Sunday, December 22, 2013

Tolkien and Moral Complexity

The Boston Sunday Globe has an article in its Ideas section by Ed Power (behind the paywall) today called "What Tolkien Didn't Do". The article is concerned with making the point that Tolkien is not truly the father of modern fantasy (the author has in mind works like Game of Thrones).  The argument is that modern fantasy owes more to the pulp fiction of the 20's and 30's than to Tolkien.

It's clear along the way that the author is not a big fan of Tolkien (guilty of "plodding" prose), and in particular what he thinks of as the simplistic moral universe of Tolkien. Tolkien has an "old-fashioned sense of moral certainty" and his failings include "prudishness, his sometimes archaic prose, and his Boy Scout characters." Power much prefers the grittier worlds of pulp fiction: "A cesspool of inequity [sic - does he mean iniquity?], populated with feuding guilds, conspiratorial cults, and cutthroats lying in wait. Lankhmar feels vividly alive in a way Middleearth arguably never does. You can almost smell the exotic spices, the open gutters, the freshly spilled blood."

I'm not concerned with whether Tolkien truly is the father of modern fantasy, but I would dispute the common presumption that "gritty" fiction is somehow more realistic than the allegedly simplistic fiction of a writer like Tolkien. Ultimately, it involves the mistake of thinking that vice is more real than virtue. But Boy Scouts, whether or not Power has a use for them, are after all real people. And as philosophers since Plato have argued, vice cannot be more real than virtue (or evil than good), because both vice and evil are parasitic on virtue and the good. The feuding guilds, conspiratorial cults and cutthroats of Lankhmar are only possible because somewhere else in that universe are good, ordinary (and, from the sophisticated perspective of Power, boring) people tending the crops, spinning the wool, minding the shops and raising the children. Without the latter the former would soon starve to death. But the latter can get on quite well without the former, in fact better without them, which is why the classical philosophers understood that good is more fundamental, and real, than evil - even if modern pulp writers prefer not to show the goodness on which their worlds depend.

Tolkien was not afraid to show it. The difference between Tolkien and the pulp writers preferred by Power is not the presence of conspiratorial cults and cutthroats in the one and their absence in the other.  Middle Earth has its cult of Saruman and its conspiracies (Grima Wormtongue). The difference is rather the location of the moral center of the story. In  The Lord of The Rings the moral center is The Shire, the pastoral home of the Hobbits inspired by the English countryside of Tolkien's youth (a real place, after all). The Shire is real, perhaps the most real place in Middle Earth (except, perhaps Rivendell), and it is rather evil places like the Mines of Moria and Mordor that suffer a murky reality in comparison. The story has morally complex characters (like Boromir) but there is never any doubt that some things are truly good and others truly evil - and "there is some good in this world, and it is worth fighting for" (Sam Gamgee).

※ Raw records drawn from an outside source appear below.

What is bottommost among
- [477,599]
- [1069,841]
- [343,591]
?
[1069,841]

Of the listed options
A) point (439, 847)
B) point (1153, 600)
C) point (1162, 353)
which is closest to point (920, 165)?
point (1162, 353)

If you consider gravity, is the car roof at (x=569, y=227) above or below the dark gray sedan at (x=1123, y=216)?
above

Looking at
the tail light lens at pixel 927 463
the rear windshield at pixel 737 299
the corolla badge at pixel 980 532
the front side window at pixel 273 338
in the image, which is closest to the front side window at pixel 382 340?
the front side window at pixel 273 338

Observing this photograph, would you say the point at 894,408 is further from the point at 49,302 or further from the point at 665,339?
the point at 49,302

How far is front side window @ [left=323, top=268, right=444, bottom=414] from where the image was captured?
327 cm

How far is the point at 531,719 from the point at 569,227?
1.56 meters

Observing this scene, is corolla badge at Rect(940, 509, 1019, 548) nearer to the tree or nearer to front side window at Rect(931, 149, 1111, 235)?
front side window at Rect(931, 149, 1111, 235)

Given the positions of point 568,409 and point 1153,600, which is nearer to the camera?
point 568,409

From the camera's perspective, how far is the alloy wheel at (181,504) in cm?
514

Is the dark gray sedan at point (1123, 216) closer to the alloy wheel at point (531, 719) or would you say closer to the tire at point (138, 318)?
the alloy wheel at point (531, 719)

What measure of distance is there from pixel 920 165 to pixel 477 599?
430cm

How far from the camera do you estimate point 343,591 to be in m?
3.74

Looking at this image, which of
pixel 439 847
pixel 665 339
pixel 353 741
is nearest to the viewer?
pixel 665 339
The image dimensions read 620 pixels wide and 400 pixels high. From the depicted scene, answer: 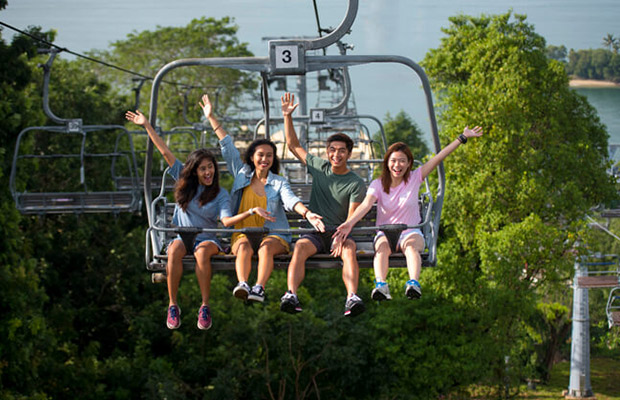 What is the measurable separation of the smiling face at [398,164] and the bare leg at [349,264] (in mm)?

Contemporary writers like Power find such moral certainty unsophisticated- or "old-fashioned." The use of "old-fashioned" as a criticism is revealing, however, as it is nothing other than an historical conceit. Surely the relevant question regarding moral certainty is whether it is true or false, not whether it is old-fashioned, for if moral certainty is possible, would it not remain stable over time? What's really going on is that Power find's Tolkien's description of goodness boring (thus the "plodding") and wants to dismiss it without doing the work to substantively address it, and what easier way to do that than to dismiss it in terms of the calendar.

But Power never addresses the fact that Tolkien has an enduring permanence that his favorite pulp writers do not. The Lord of the Rings is a work beloved by more than just fantasy nerds. And that is because the pulp works provide a certain superficial thrill, but having no moral center - and you can't have one without moral certainty - they have no depth and no staying power. Men may dabble with the fun of the gutter or conspiracies, but what they really want is to come home - to the Shire.